The 53rd annual meeting of the International Whaling Commission in 2001 will be held in London, while Shimonoseki in Yamaguchi Prefecture will host the 2002 meeting, the IWC decided Thursday.

Japan and New Zealand competed to host the 2002 meeting, but in secret balloting, the commission members selected Japan, with 19 votes for Japan, 10 for New Zealand and three abstentions.

IWC Secretary Ray Gambell told reporters that it was the first time that two countries had competed to host an IWC annual meeting.

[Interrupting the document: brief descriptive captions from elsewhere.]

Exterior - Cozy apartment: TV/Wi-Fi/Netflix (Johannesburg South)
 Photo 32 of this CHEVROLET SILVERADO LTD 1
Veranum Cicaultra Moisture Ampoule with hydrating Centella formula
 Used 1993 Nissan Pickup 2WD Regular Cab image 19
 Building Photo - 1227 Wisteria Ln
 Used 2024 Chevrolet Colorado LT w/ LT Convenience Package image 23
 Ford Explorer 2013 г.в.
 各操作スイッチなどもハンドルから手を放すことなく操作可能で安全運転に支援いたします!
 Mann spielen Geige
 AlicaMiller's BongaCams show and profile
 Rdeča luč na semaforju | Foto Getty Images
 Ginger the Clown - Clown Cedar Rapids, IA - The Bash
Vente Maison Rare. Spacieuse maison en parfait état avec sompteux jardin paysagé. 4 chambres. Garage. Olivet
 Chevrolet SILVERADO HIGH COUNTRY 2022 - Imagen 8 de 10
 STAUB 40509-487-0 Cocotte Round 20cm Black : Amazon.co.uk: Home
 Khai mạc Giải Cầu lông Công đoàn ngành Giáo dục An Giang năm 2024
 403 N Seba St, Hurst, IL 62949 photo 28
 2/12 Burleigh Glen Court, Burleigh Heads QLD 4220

Japan and New Zealand are on opposite sides of the whaling debate. Japan actively campaigns for the lifting of the moratorium on commercial whaling imposed by the IWC in 1982, while New Zealand is among the staunchest supporters of putting an end to whaling within the IWC.

The IWC Secretariat said there had been no offers to host the meeting in 2001 so it made arrangements for it to be held in London, where the headquarters of the IWC Secretariat is located.

Shimonoseki, on the western tip of Honshu, was a base for Japan's whaling industry until the 1980s. The fisheries company that owned the Taiyo Whales, the predecessor of baseball's Yokohama BayStars, was based in the city until 1949.

Since 1998, Japan's research whaling ships gather at Shimonoseki port for a ceremony before leaving for the Pacific Ocean.

The 41-member IWC was established in 1946 after the signing of the International Convention for the Regulation of Whaling.